Collège de déontologie de l’enseignement supérieur et de la recherche

Coopération scientifique et technologique internationale des universités – Rôle et place de l’Université dans l’organisation des débats publics

nor : ESRH2417553V

Avis du 19-6-2024

MESR – DGRH A2-1


Vu Code de l’éducation, notamment articles L. 123-7, L. 123-7-1, L. 146-1 et L. 811-1 ; Code général de la fonction publique, notamment articles L. 121-1 et suivants ; Code de la recherche, notamment article L. 112-1 ; décret n° 2017-519 du 10-4-2017 ; arrêté du 1-3-2018 ; règlement intérieur du collège de déontologie de l’enseignement supérieur et de la recherche ; saisine de la ministre de l’Enseignement supérieur et de la Recherche du 15-5-2024

Par courrier du 15 mai 2024, la ministre de l’Enseignement supérieur et de la Recherche a saisi le collège de déontologie d’une demande d’avis s’inscrivant dans le contexte d’une actualité sensible, particulièrement pour les universités, marquée notamment par les conséquences du conflit à Gaza.

Compte tenu de revendications ou d’interpellations tendant à ce que des universités suspendent leurs coopérations et leurs partenariats académiques et scientifiques avec des universités ou des institutions situées dans des zones de conflit, la ministre demande au collège, en premier lieu, de préciser dans quel cadre, au regard des principes déontologiques énoncés tant dans le Code de l’éducation, le Code de la recherche que dans le Code général de la fonction publique, s’inscrit la coopération scientifique et technologique internationale, dont elle souligne le caractère essentiel pour les universités, dans les domaines de la formation, de la recherche et de l’innovation. Elle souhaite également que le collège puisse proposer des repères et lignes directrices dont les établissements pourraient se saisir pour définir leurs propres stratégies de collaboration.

En second lieu, la ministre propose que le collège de déontologie rappelle le rôle et la place de l’Université dans l’organisation des débats publics et le cadre dans lequel ils doivent s’inscrire, tout en garantissant la pluralité et la liberté d’expression, en accord avec ses missions, dans le respect des personnes et des idées de chacun.

Pour répondre à la demande d’avis, le collège a sollicité la direction générale de la recherche et de l’innovation (DGRI) du ministère pour qu’elle puisse apporter des éléments de cadrage concernant les coopérations scientifiques. Le collège a procédé à l’audition du directeur des affaires juridiques du ministère, Guillaume Odinet et à l’audition de représentants de France Universités, dont son président, Guillaume Gelle, son conseiller en relations institutionnelles et parlementaires, Kévin Neuville et son conseiller, Christian-Lucien Martin.

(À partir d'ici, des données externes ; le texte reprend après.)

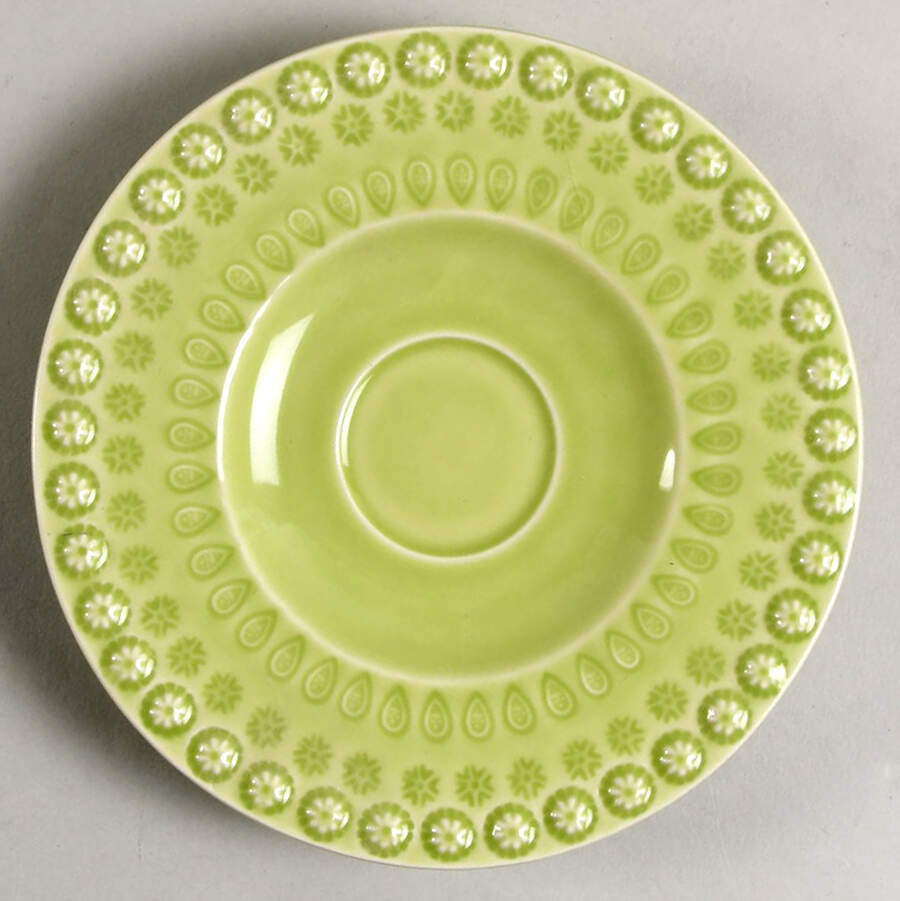 Fantasia (Fantasy) Bright Green Saucer by Bordallo Pinheiro-1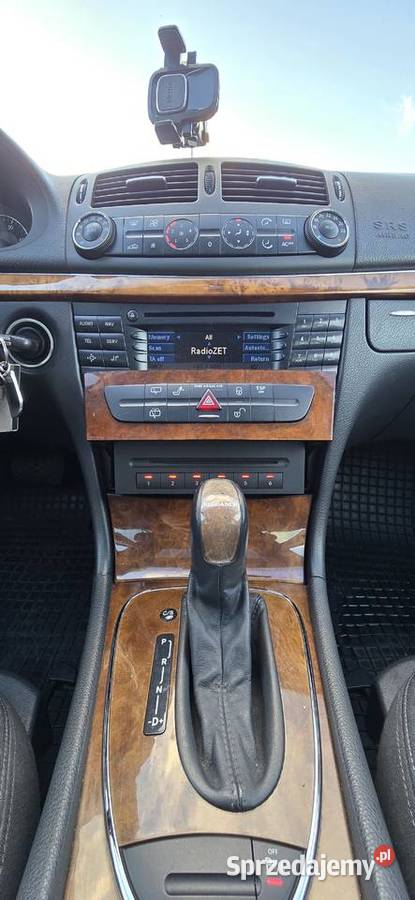 MercedesBenz E220 CDI Doinwestowany Czarny Las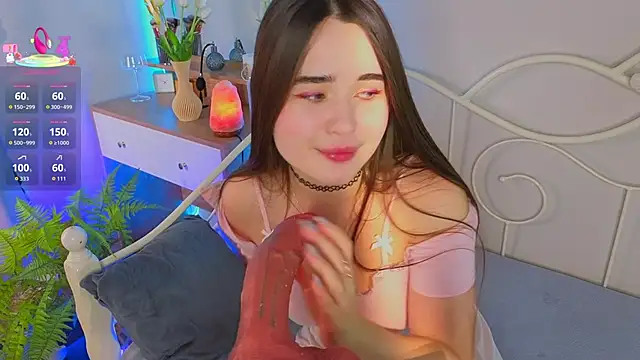 Snapshot of KateBleare chatting on 10.24.25 KateBleare online show from 10.24.25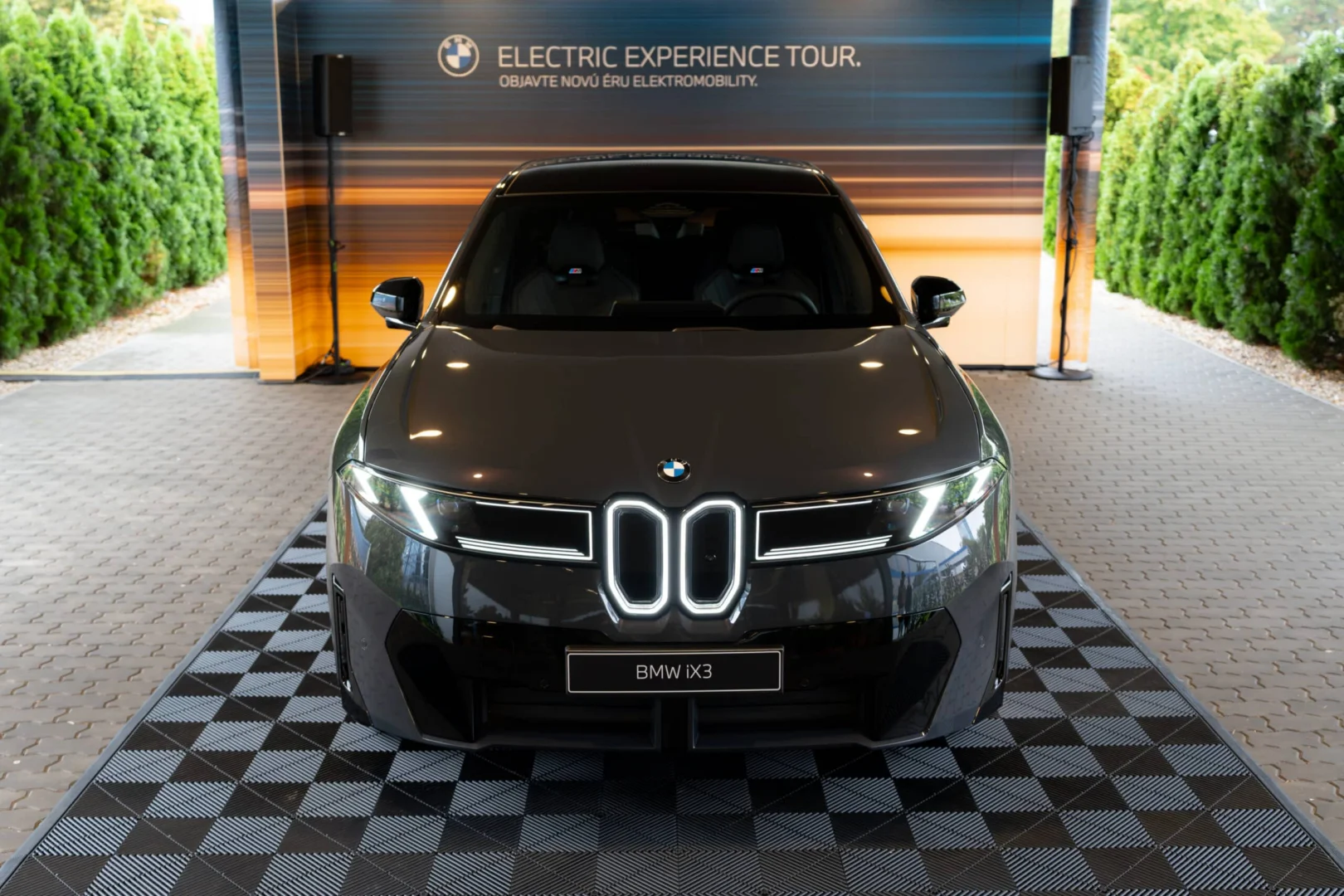P90620012_highRes_bmw-ix3-in-slovakia-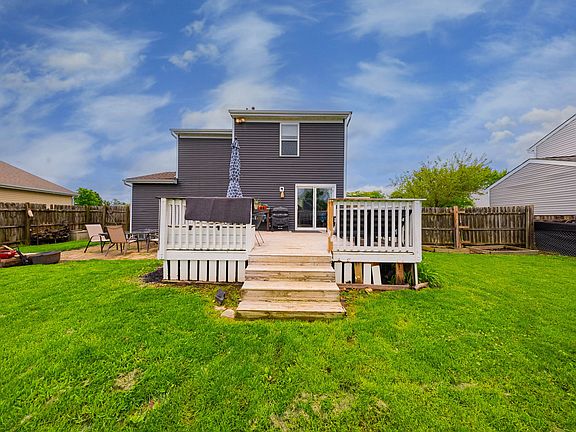 5th image of 6122 Parkglen Rd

1. Sur le cadre dans lequel s’inscrivent les coopérations et partenariats académiques et scientifiques avec des universités ou institutions étrangères

1. 1. Comme le collège de déontologie l’a rappelé dans son avis du 17 février 2023 relatif à l’expression publique des chercheurs, la recherche publique a, en vertu de l’article L. 112-1 du Code de la recherche, une mission de diffusion des connaissances scientifiques et de contribution à l’amélioration du débat public sur la science. Les coopérations avec des universités ou des institutions étrangères, qui se matérialisent notamment par des partenariats tendant à favoriser la mobilité des étudiants et des chercheurs, à développer des programmes de recherche et à partager des ressources académiques et technologiques, contribuent à cette mission.

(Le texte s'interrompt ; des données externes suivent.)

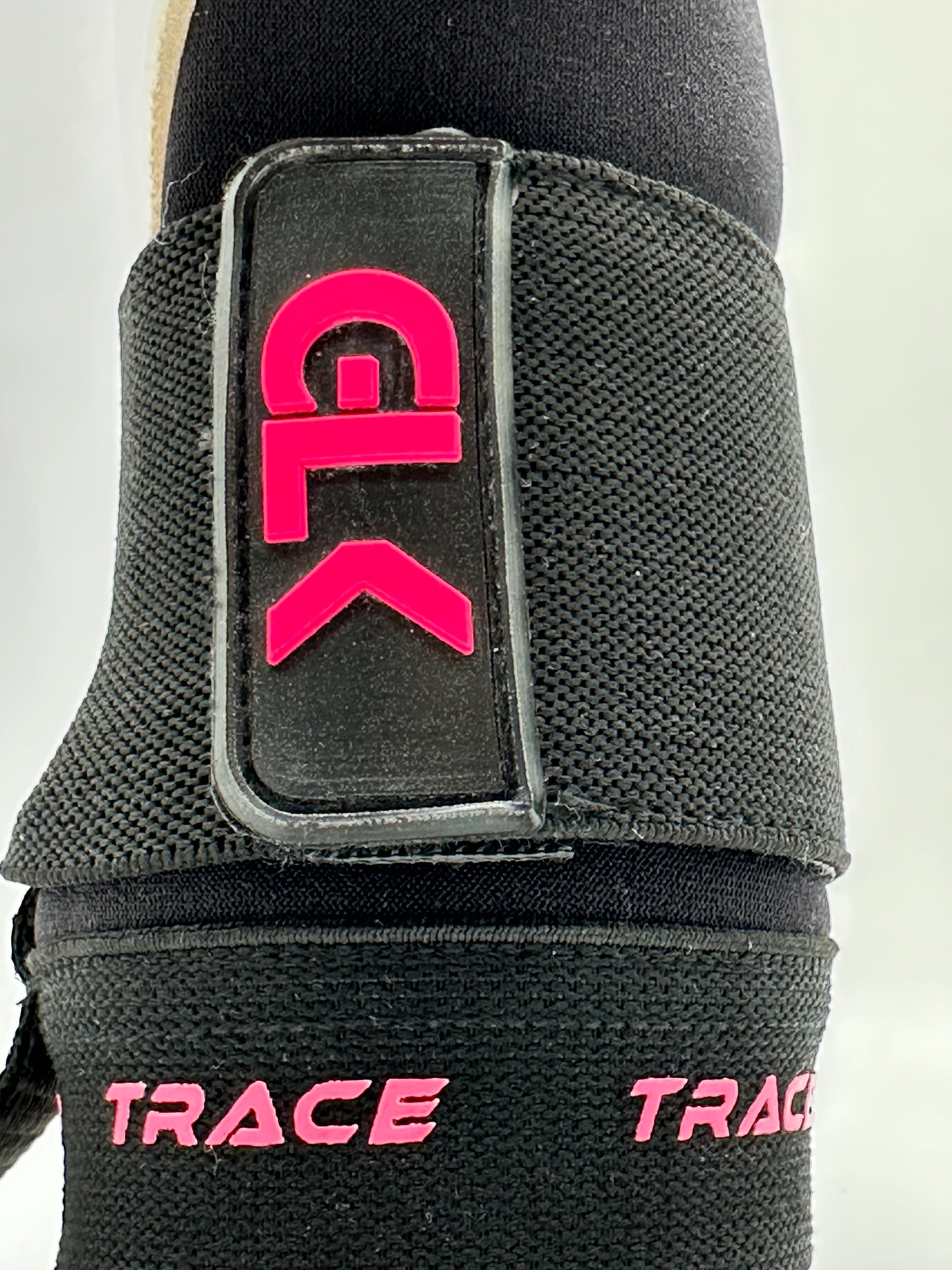 E-Trace Pink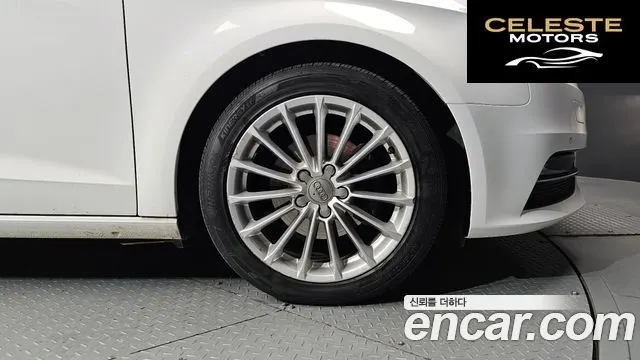 AUDI A3 35 TDI Dynamic Sportback 2016 — photo 5 sur 20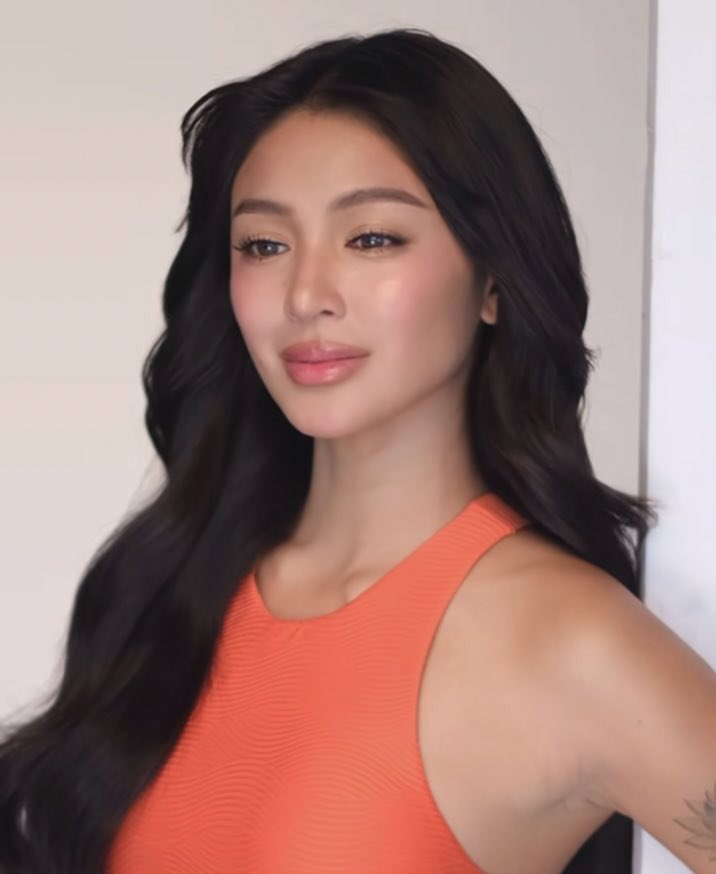itgirlnadine's tweet photo. omg lisa’s make up artist in thailand did nadine’s make up for trizie!!! https://t.co/wLrMCyZ0Ju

Ces coopérations, qui consacrent la dimension internationale des libertés académiques, ont surtout un fondement législatif dans le Code de l’éducation. Aux termes de son article L. 123–7 : « Le service public de l’enseignement supérieur contribue, au sein de la communauté scientifique et culturelle internationale, au débat des idées, au progrès de la recherche et à la rencontre des cultures (...) Il favorise le développement de parcours comprenant des périodes d’études et d’activités à l’étranger sans porter préjudice au déroulement de carrière ou d’études des personnels et étudiants concernés. Il favorise également l’accueil des personnels de recherche étrangers pour la durée de leurs missions scientifiques. Il assure l’accueil des étudiants étrangers (…) ». Le même article dispose que « Dans le cadre défini par les pouvoirs publics, les établissements qui participent à ce service public passent des accords avec des institutions étrangères ou internationales, notamment avec les institutions d’enseignement supérieur des différents États (…) ».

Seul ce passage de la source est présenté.